* [Dataset records]
——

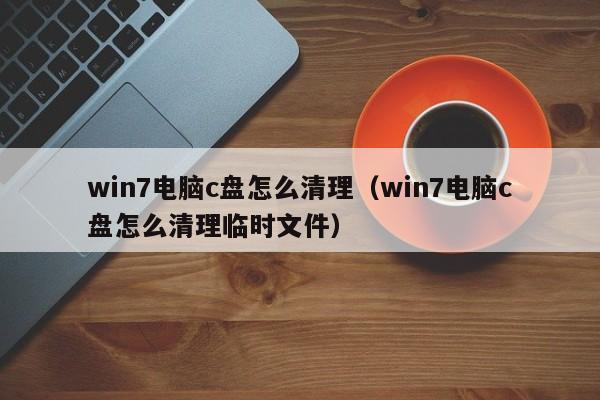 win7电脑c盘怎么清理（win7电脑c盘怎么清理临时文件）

——

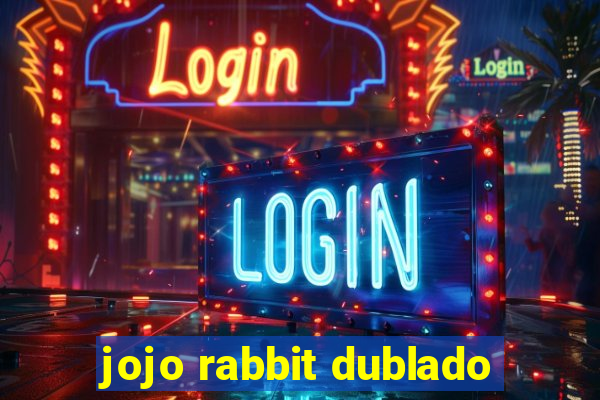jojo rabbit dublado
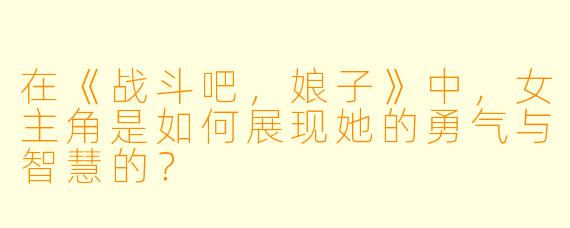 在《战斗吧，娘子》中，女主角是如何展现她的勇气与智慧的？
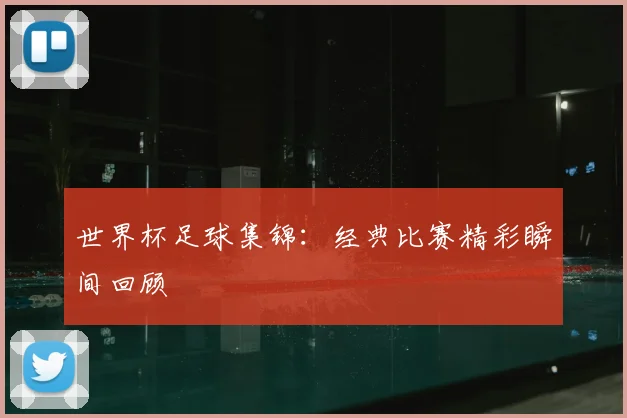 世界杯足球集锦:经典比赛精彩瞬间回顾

——

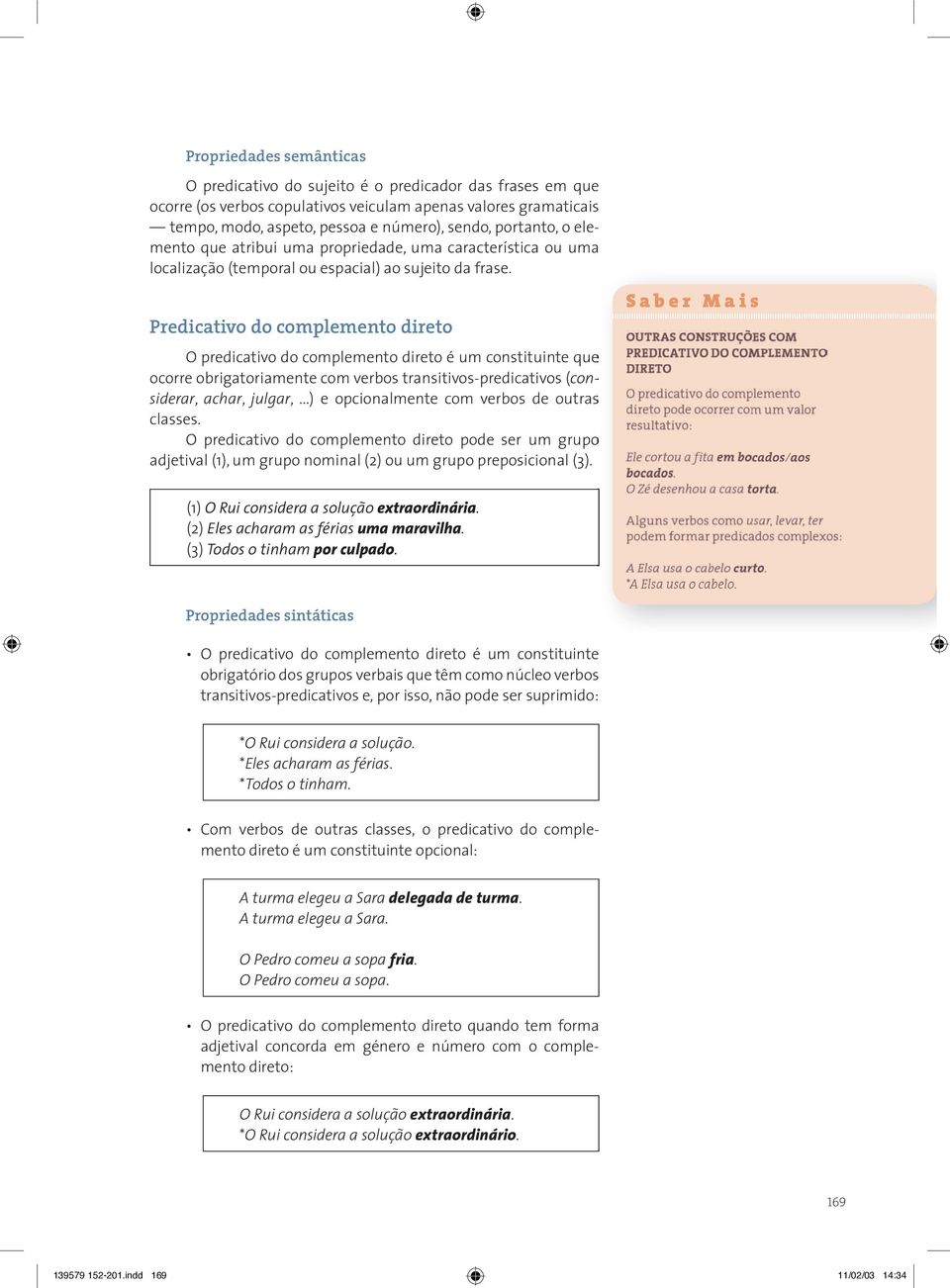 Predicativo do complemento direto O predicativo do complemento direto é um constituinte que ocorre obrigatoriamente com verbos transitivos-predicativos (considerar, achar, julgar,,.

——

* [Task description] Reproduce the listing above from the line that holds "jojo rabbit dublado" through the line that holds "世界杯足球集锦:经典比赛精彩瞬间回顾", both included, with the pictures left out.

* [Answer to the exercise]
jojo rabbit dublado
 在《战斗吧，娘子》中，女主角是如何展现她的勇气与智慧的？
 世界杯足球集锦:经典比赛精彩瞬间回顾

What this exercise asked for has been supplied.